> **Problem statement**
Beginning with the line that holds "Funny Golden Retriever" and finishing with the line that holds "遺品整理業者による高額請求トラブルのイメージ", repeat the listing exactly, leaving every picture out.

> **Extracted data**
━━━━
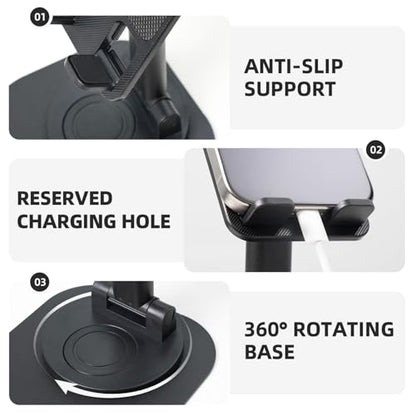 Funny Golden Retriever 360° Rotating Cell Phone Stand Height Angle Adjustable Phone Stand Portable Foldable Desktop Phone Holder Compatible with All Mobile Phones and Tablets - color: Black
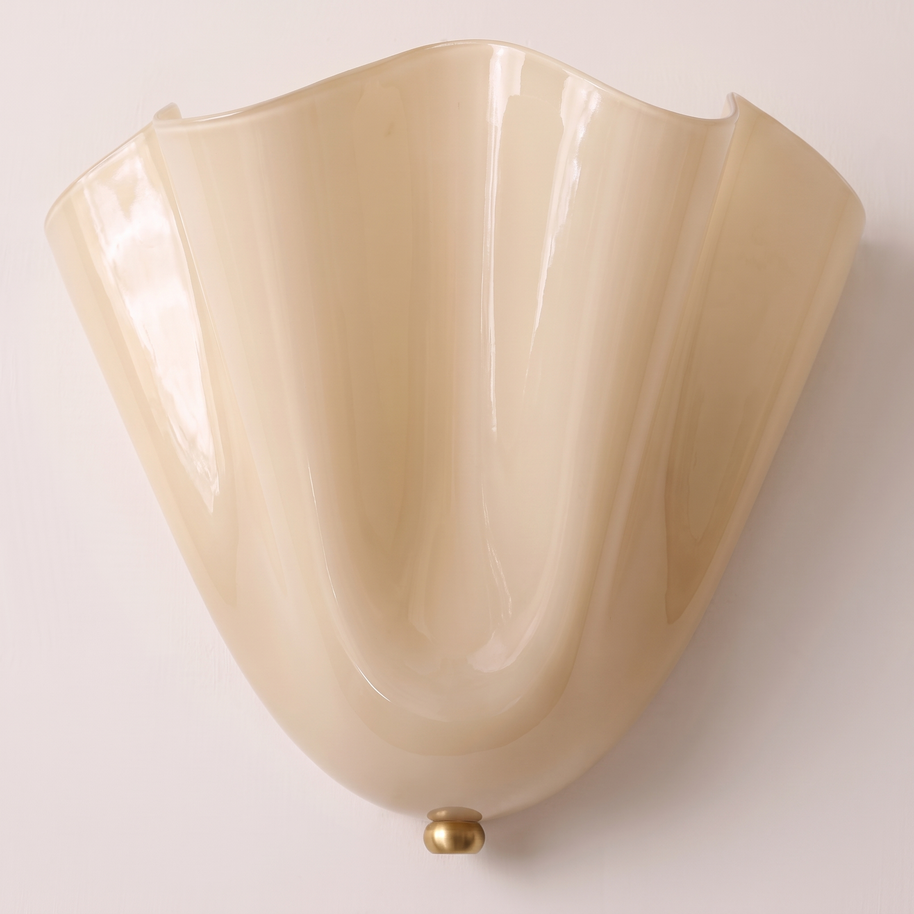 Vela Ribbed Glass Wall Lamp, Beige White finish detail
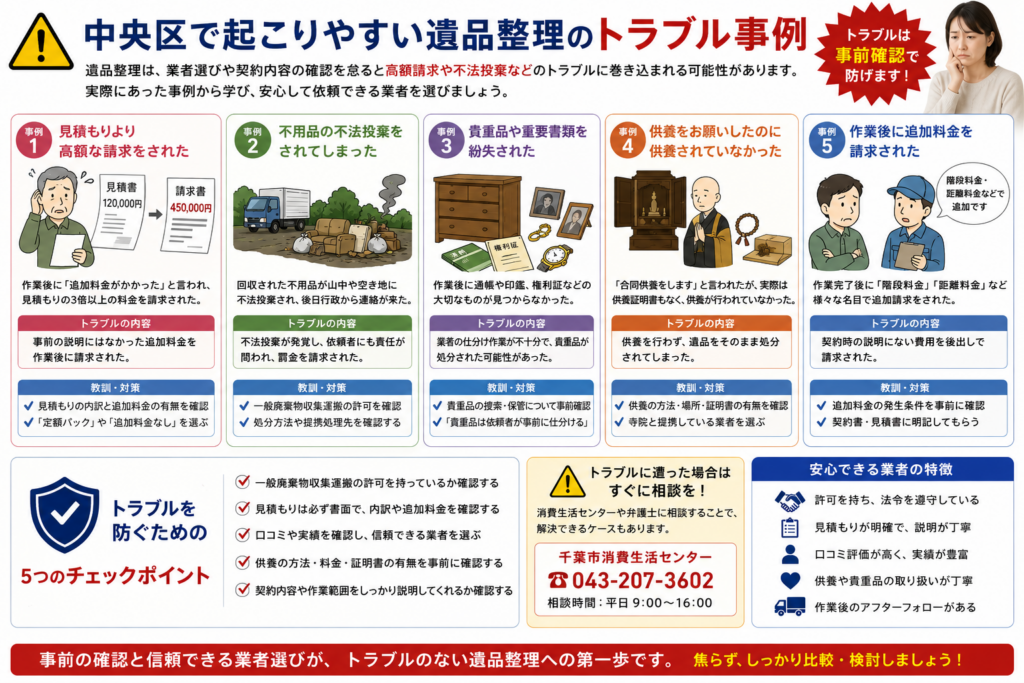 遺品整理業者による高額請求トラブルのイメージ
━━━━
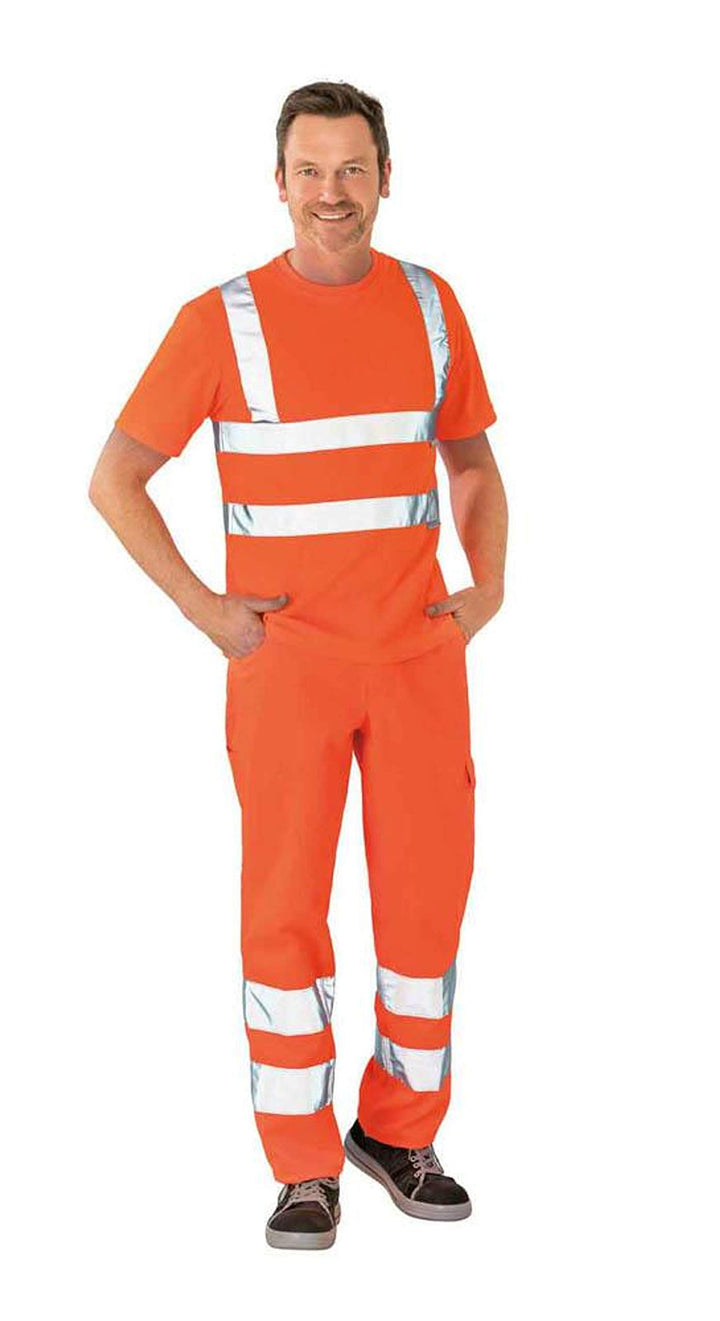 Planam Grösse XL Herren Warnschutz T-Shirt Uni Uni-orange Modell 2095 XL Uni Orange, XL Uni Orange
━━━━
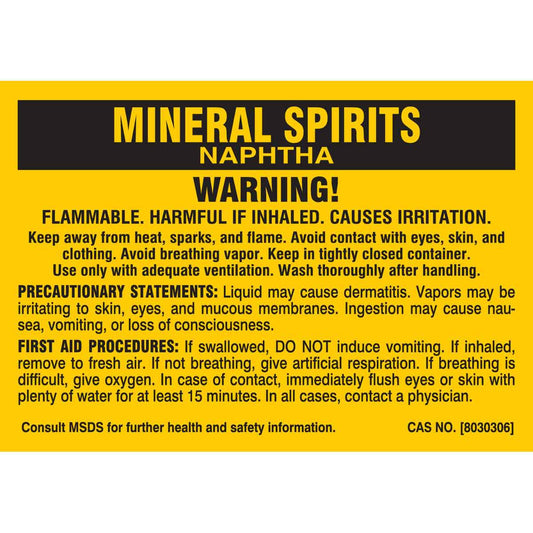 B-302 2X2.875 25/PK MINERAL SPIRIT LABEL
━━━━
> **Written solution**
 Funny Golden Retriever 360° Rotating Cell Phone Stand Height Angle Adjustable Phone Stand Portable Foldable Desktop Phone Holder Compatible with All Mobile Phones and Tablets - color: Black
 Vela Ribbed Glass Wall Lamp, Beige White finish detail
 遺品整理業者による高額請求トラブルのイメージ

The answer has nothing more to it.